Taylor/Maclaurin Series

## Answer 1: A

Using the Maclaurin series for e^x, substitute 5x for the x. Then solve the equation and simplify.

## Answer 2: C

Just like in question 1, use the Maclaurin series for e^x to solve this problem. Instead of substituting, multiply the whole equation by x and solve.

## Answer 3: C

Find the values of f(a), f'(a), f''(a), and so on, until there is only a value (no more variables to plug a into). Put these values into the Taylor series, but remember to add in the (x - 2) terms!

## Answer 4: C

Again, find the values of f(a), f'(a), and so on.

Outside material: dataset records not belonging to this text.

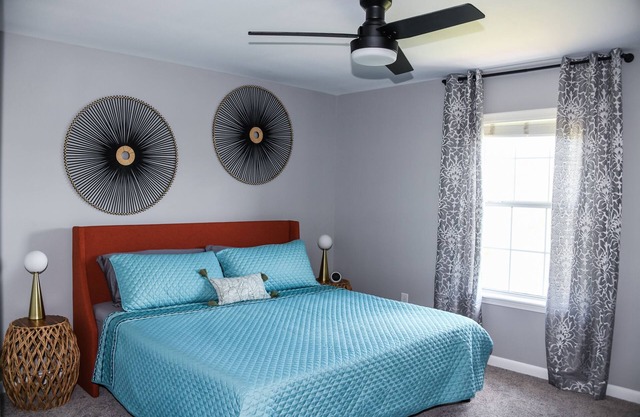 *The Lakeside Lookout* Modern! 5 Mins to MSU!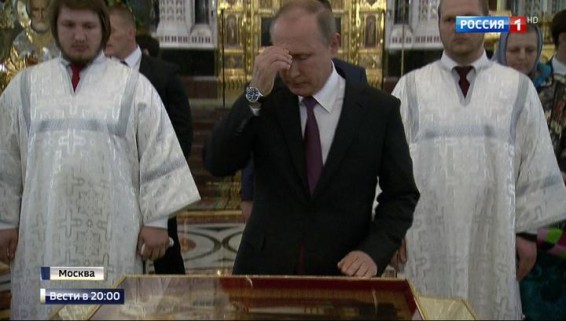Путин приложился к мощам Николы Чудотворца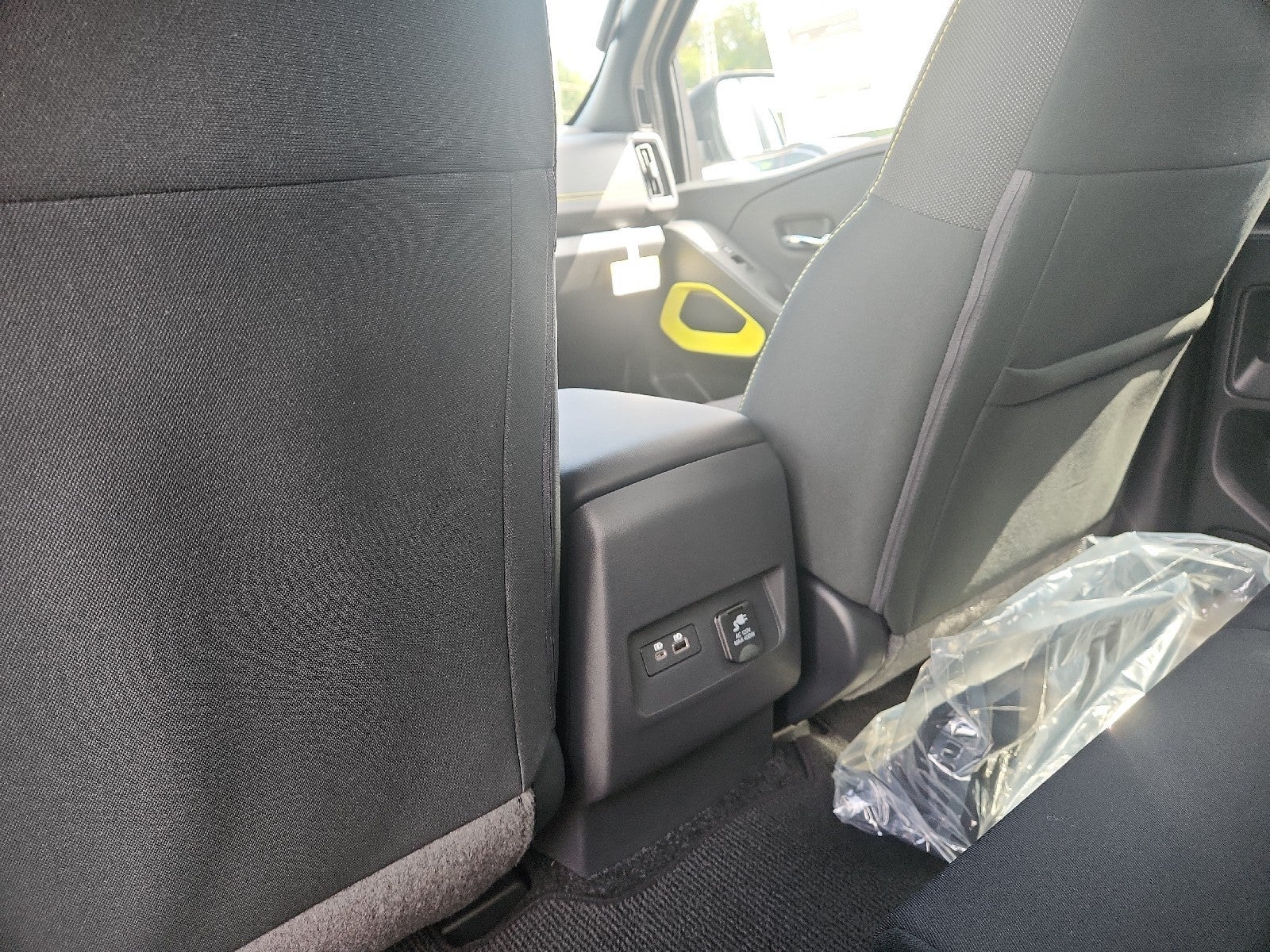 2027 Nissan Frontier Crew Cab SV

Because cos(x) is an oscillating function, use the Maclaurin series for cos(x) to create the Taylor series expression.

## Answer 5: A

Knowing that 1/x is the derivative of ln(x), simply take the derivative of each term in Maclaurin series for ln(x), and then create an expressions for each general term.

## Answer 6: D

The third-degree Maclaurin series polynomial includes the terms n = 0, 1, and 2. Plug in the n values into the Maclaurin series for sin(x), and then simplify to find the first three terms. Remember to watch your positive and negative signs!

## Answer 7: B

Plug the n values into the Maclaurin series for cos(x), but remember to include the terms (x - 8) to make it a Taylor series.

## Answer 8: A

Try to change the Maclaurin series into a similar series, in this case cos(x). By knowing how to manipulate the problem, an x can be taken out to make the function xcos(x).

## Answer 9: D

Knowing the general expression for a Maclaurin series, all that is needed is the n and a value, then plug that into the expression.

## Answer 10: C

Use the fifth-degree Maclaurin series polynomial for e^x to calculate this value. Plug in the x value for each x in the series and calculate. Be sure to round to the appropriate number of decimal places.